How to understand "tail" call?

Hi,

    %1 = tail call i32 (i8*, ...) @printf(i8* getelementptr inbounds
([30 x i8], [30 x i8]* @.str, i64 0, i64 0), i32 10)
    %2 = tail call i32 (i8*, ...) @printf(i8* getelementptr inbounds
([30 x i8], [30 x i8]* @.str.1, i64 0, i64 0), i32 10)

When I use -O2 to compile the following C code, I will get the above
IR code. I don't understand the explanation of tail-call-optimization
in the langref. Could anybody help me understand what tail call means?
Thanks.

https://llvm.org/docs/CodeGenerator.html#tail-call-optimization

#include <stdio.h>

int main(void) {
    const int local = 10;
    int *ptr = (int*) &local;
    printf("Initial value of local : %d \n", local);
    *ptr = 100;
    printf("Modified value of local: %d \n", local);
    return 0;
}

In its simplest form, when the last thing a function does is call
something else then the compiler can deallocate the caller's stack
frame early and just jump to the callee rather than actually calling
it.

For example:

    void foo() {
        [...]
        bar();
     }

Without the tail-call optimization this might produce:

     foo:
         sub $16, %rsp ; Allocate stack space for local variables
         [...]
         callq bar
         add $16, %rsp ; Free up local stack space
         retq

With tail call optimization it would become:

     foo:
         sub $16, %rsp ; Allocate stack space for local variables
         [...]
         add $16, %rsp ; Free up local stack space
         jmpq bar

Then when bar returns, it actually grabs the return address intended
for foo and returns to the correct place. The main benefit is that
while bar (and its nested functions) are running, foo isn't consuming
any stack space.

There are certain embellishments that basically allow "return bar();"
as well if the arguments are compatible, but that's the basic idea.

Many functional languages that handle loop-like constructs via
recursion idioms instead demand their compilers guarantee this
optimization will occur, otherwise they'd blow their stack for fairly
small iteration counts on loops.

In the example you gave, no tail call optimization can occur despite
the calls being marked as candidates because main has to materialize
the "return 0" code after both calls to printf have happened. If you
returned the result of the last printf instead it would probably
trigger.

Cheers.

Tim.

In the example you gave, no tail call optimization can occur despite
the calls being marked as candidates because main has to materialize
the "return 0" code after both calls to printf have happened.
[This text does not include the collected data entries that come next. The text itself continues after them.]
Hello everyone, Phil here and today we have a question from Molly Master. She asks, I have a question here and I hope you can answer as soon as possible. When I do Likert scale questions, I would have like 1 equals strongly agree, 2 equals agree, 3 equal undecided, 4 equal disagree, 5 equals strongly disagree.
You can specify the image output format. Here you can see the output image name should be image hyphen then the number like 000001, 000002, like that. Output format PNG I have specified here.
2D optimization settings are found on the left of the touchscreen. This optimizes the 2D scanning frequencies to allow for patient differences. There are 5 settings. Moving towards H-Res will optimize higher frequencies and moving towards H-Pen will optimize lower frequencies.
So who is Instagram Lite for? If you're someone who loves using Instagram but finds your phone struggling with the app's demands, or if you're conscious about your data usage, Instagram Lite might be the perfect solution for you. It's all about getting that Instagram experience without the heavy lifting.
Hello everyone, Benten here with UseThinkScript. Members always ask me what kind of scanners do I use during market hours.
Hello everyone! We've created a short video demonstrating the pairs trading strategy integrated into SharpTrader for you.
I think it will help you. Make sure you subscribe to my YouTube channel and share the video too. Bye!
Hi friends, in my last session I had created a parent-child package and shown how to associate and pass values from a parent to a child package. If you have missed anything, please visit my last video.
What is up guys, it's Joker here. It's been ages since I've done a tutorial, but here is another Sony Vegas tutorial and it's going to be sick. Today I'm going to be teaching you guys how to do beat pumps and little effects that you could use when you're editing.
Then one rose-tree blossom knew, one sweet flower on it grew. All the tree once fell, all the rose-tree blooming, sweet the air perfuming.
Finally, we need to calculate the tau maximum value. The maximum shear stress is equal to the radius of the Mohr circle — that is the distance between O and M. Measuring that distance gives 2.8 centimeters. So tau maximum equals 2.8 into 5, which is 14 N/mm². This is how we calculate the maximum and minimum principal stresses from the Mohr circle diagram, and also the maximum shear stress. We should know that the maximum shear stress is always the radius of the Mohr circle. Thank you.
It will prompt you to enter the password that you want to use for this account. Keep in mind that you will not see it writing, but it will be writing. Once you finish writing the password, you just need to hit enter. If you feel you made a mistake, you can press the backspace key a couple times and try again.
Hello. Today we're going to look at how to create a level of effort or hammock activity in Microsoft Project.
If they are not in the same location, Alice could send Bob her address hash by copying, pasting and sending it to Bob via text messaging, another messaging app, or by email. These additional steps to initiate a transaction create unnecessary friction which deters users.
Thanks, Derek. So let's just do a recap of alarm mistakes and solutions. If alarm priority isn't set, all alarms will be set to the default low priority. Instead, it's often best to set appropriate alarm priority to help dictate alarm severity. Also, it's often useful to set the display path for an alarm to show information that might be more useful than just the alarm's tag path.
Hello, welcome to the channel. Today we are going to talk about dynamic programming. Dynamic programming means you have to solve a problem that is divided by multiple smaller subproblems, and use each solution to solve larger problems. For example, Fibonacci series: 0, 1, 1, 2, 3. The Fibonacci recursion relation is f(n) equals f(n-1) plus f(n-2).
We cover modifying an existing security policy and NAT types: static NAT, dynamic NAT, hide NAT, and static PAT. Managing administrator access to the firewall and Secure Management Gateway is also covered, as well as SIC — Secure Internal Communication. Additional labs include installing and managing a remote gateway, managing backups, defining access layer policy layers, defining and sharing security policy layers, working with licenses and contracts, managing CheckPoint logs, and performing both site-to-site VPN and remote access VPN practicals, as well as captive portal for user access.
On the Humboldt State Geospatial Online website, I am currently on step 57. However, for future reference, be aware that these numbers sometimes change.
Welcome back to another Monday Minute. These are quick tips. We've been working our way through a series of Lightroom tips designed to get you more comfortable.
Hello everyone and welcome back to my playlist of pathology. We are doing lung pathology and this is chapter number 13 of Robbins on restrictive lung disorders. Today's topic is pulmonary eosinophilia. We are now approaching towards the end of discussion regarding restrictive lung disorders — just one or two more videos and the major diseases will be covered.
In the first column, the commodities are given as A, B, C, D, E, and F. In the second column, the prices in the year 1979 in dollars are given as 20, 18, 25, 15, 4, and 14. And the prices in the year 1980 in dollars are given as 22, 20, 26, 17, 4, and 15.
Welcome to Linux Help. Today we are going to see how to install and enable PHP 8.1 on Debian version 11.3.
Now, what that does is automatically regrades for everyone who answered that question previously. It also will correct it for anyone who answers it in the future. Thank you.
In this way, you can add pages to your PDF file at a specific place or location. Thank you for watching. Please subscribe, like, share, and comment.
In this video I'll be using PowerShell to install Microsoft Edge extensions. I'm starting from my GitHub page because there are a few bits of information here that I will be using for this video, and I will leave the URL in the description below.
Since the tail call optimization can not be trigger any way, why the
generated IR still has the keyword "tail"? Isn't that unnecessary?

If you look at https://llvm.org/docs/LangRef.html#id1509, the "tail"
keyword is a suggestion together with a promise about what the callee
does (not do) with the caller's stack.

In that light it makes sense for a pass that has discovered a call
satisfies those constraints to mark it with "tail" so that if later
simplifications mean it ends up in tail position CodeGen knows it's
safe to do the optimization. Otherwise you'd have to do some
potentially fairly sophisticated inter-procedural analysis right when
you were deciding whether to make a tail call; that's definitely
something we'd discourage in LLVM.

Cheers.

Tim.